(Dataset excerpts Opens)

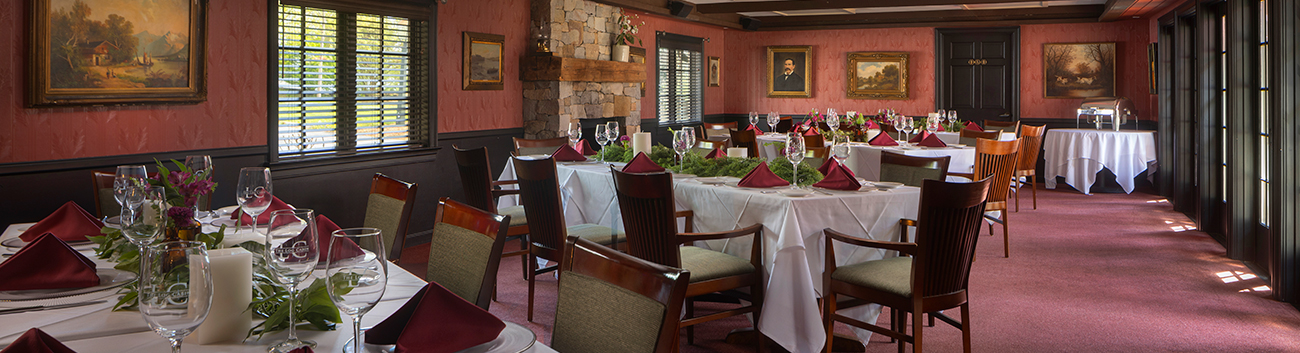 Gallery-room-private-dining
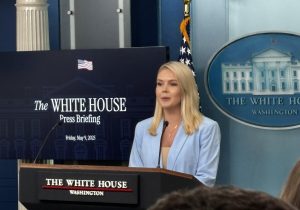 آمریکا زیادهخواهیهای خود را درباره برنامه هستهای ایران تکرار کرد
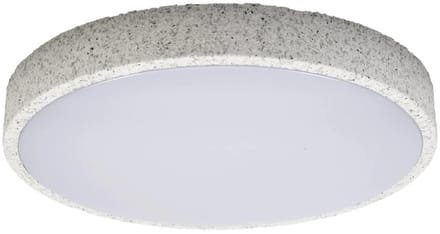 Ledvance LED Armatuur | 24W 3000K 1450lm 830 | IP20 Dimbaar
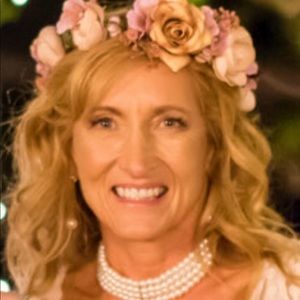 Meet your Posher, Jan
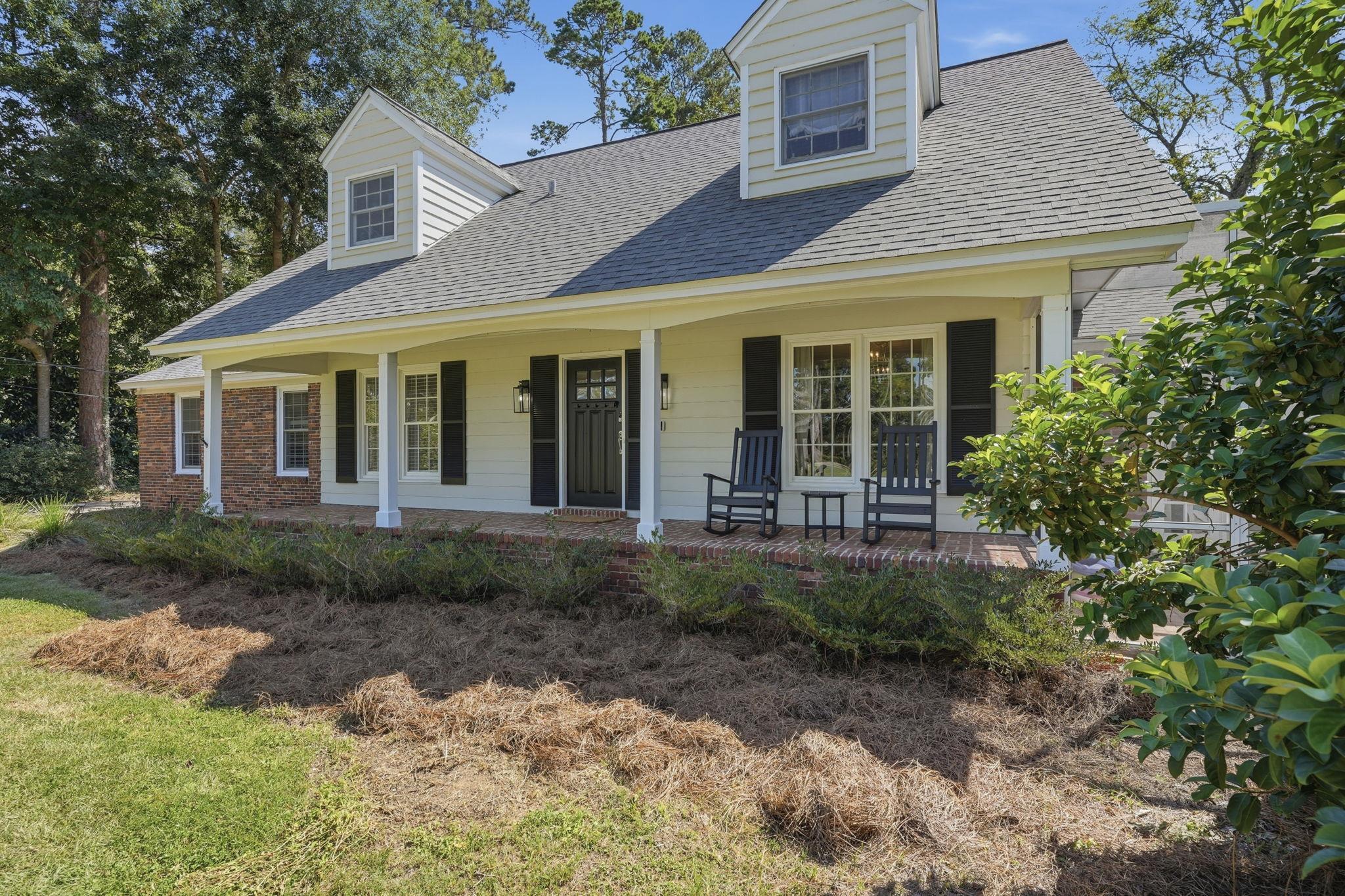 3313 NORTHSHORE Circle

(Dataset excerpts Closes)

What is being asked:
Omitting all pictures, restate word for word the lines from the one containing "Ledvance LED Armatuur" through the last line of the data.

Task solution:
 Ledvance LED Armatuur | 24W 3000K 1450lm 830 | IP20 Dimbaar
 Meet your Posher, Jan
 3313 NORTHSHORE Circle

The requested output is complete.